The spirit of Halloween. A Ma On Shan shopping mall gets ready for Halloween with a trick-ora-treating display. Photos by Red Door News

 Scary Business

Hong Kong Disneyland is appealing to young adults with a battling vampire and werewolf themed Haunted Halloween.

 Scary Business

Despite aiming its nightly Halloween Bash at young adults, Ocean Park still finds time to entertain young Halloween fans with its less scary Pumpkin City Quest.

 Scary Business

Shoppers check out the scary costumes on sale in Sai Kung. Just a decade ago, Halloween party-goers had a much more difficult job in finding costumes.

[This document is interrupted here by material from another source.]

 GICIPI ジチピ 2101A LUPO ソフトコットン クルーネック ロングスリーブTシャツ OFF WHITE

Halloween now eclipses Chinese Mid-Autumn Festival in HK as businesses seize opportunity to make scary amounts of money from this Western festival, writes Hazel Parry

When anthropologist Joseph Bosco moved to Hong Kong from the United States more than 20 years ago, Halloween was a bit of a non-event; a Western festival celebrated by the mainly American expatriate community, which passed largely unnoticed sometime after the Mid-Autumn Festival.

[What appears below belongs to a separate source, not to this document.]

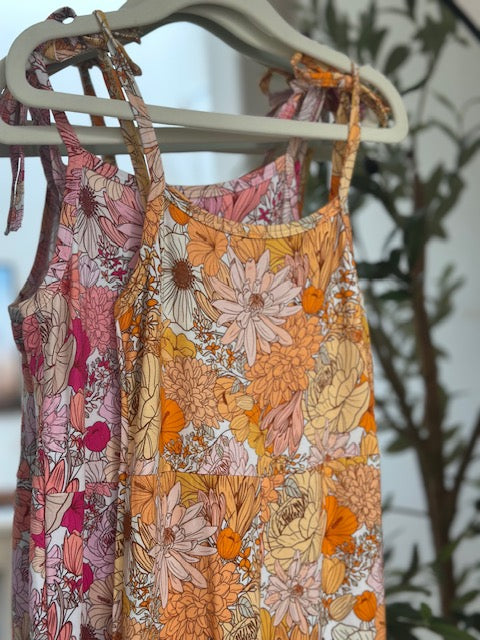 Blush & Bloom Bell Bottom Romper - Marigold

"You might find a few costumes in a small section at Toys R Us, but that was about it," said Bosco, an associate professor from the Department of Anthropology at the Chinese University of Hong Kong.

Fast forward those 20 years and the picture today is very different. Pumpkins, jack-o'-lanterns, ghosts, ghouls and monsters are everywhere this month. Restaurants offer specially-cooked up spooky dishes, shopping malls are decked out in Halloween decorations, bars invite customers to get into the spirit by dressing up, toy shops hosting Halloween parades, while ghosts, vampires and werewolves take center stage as the main attraction at theme parks.

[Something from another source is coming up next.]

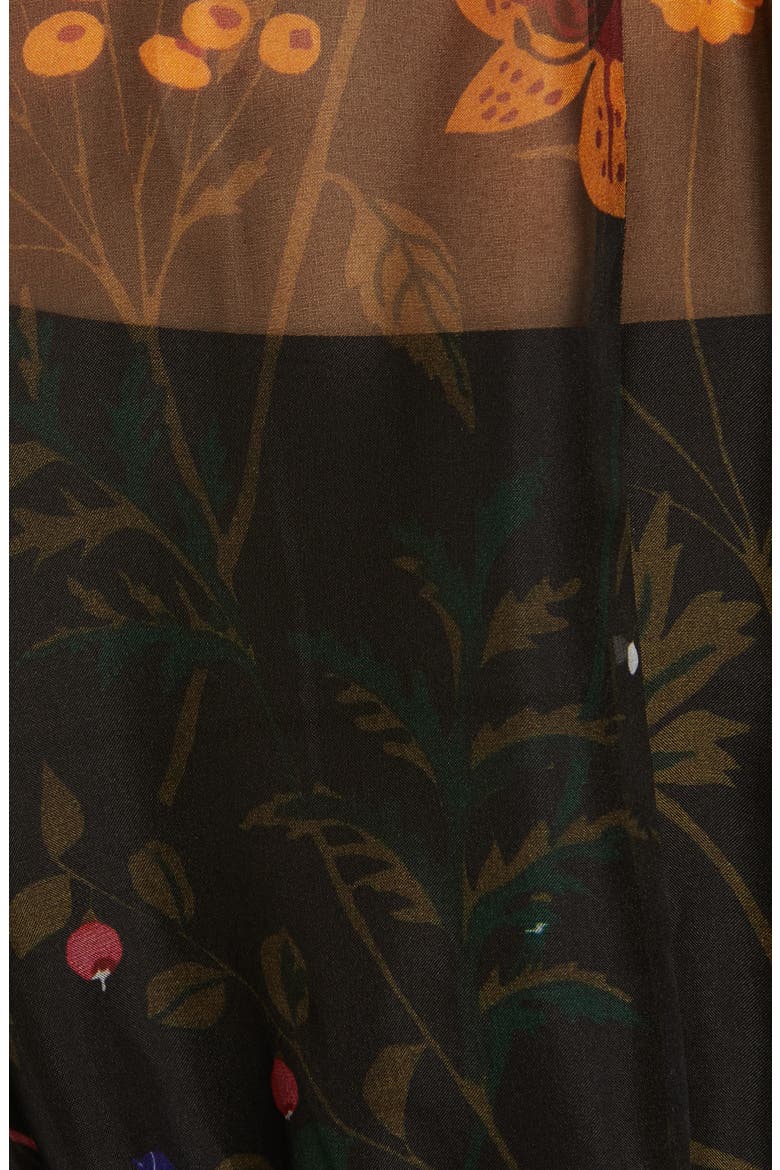 Nanna Floral Print Silk Organza Dress, Alternate, color, BLACK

"Travel on the MTR over the next week and you see families with little kids dressed up in costume on their way to Halloween events, which I don't remember seeing at all when I first got here," said Bosco.

The event has become so popular it now eclipses the Mid-Autumn Festival, prompting Hong Kong Tourism Board (HKTB) to declare the city as Asia's Halloween Capital and run special promotions in the six week run-up to the main event, to entice visitors from short-haul markets such as Chinese mainland, Taiwan, South Korean and the Philippines.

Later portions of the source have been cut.